I have a function that can return a number, an Error, or a NegativeError:
class NegativeError extends Error {
name = 'NegativeError'
}
function doThing (a: number): number | NegativeError | Error {
return a < 0 ? new NegativeError() : a === 0 ? new Error() : a
}
const done = doThing() // T | NegativeError | Error
However, when I remove the signature's explicit return type, typescript drops the Error & only infers T | NegativeError as return type:
function doThing (a: number) {
return a < 0 ? new NegativeError() : a === 0 ? new Error() : a
}
const done = doThing() // T | NegativeError
As a hack, I can force it to keep the return types discrete by using a constructor function, which maintains the prototypical inheritance:
function NegativeError(message: string) {
Error.call(this)
this.message = message
this.name = 'NegativeError'
}
NegativeError.prototype = Object.create(Error.prototype)
NegativeError.prototype.constructor = NegativeError
I'd like to avoid this because it isn't easy to read & contains the typescript error: An outer value of 'this' is shadowed by this container.
Is there any way to make typescript correctly infer all return types?
CodePudding user response:
This looks like you're falling afoul of Typescript's structural type system. Your NegativeError class is structurally equivalent to the Error class, so as far as Typescript is concerned, these two types are subtypes of each other:
// type Test = true
type Test = Error extends NegativeError ? true : false
So since Error is a subtype of NegativeError, the union NegativeError | Error can be simplified to just NegativeError, or alternatively, since NegativeError is also a subtype of Error, the union Error | NegativeError can be simplified to just Error; either way.
This wouldn't happen in a language with a nominal type system (e.g. Java), but in Typescript the fact that NegativeError is declared as a subclass and has a different name, does not mean it is a different type. If you want to distinguish it then you can change its structure, e.g. by refining the type of the name property:
class NegativeError extends Error {
name: 'NegativeError' = 'NegativeError'
}
Now Error is no longer a subtype of NegativeError, but NegativeError is still a subtype of Error, so the union NegativeError | Error | number will be simplified to Error | number. Which should be fine, because NegativeError is still assignable to that union type.
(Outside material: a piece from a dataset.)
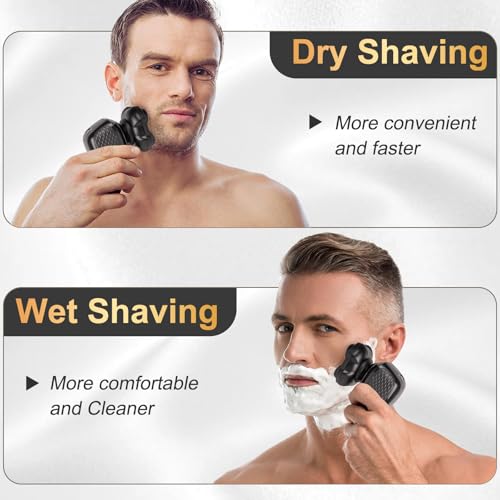 5D Replacement Heads for MicroTouch Titanium Head Shaver - Hypoallergenic & Waterproof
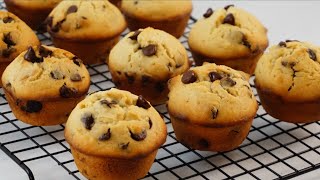 Chocolate Chip Muffin Easy Recipe [upl. by Nwahs]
CodePudding user response:
It's not a direct solution to the core inference issue but yet another workaround is to wrap your "normal" error into another subtype :
class NegativeError extends Error {
name = 'NegativeError'
}
class BError extends Error {
name = 'BError'
}
function doThing(a: number) {
return a < 0 ? new NegativeError() : a === 0 ? new BError() : a
}
const done = doThing(1) // infers doThing(a: number): number | NegativeError | BError
CodePudding user response:
Since typescript looks for extend to determine the super, I determined I couldn't use that.
I tried to extend an Error without using the extend keyword. I achieved that by setting the NegativeError prototype equal to the Error prototype:
class NegativeError {
message: string
name: 'NegativeError' = 'NegativeError'
constructor(message: string) {
this.message = message
}
}
Object.setPrototypeOf(NegativeError.prototype, Error.prototype)
Thanks to @kaya3 for pointing me in the right direction!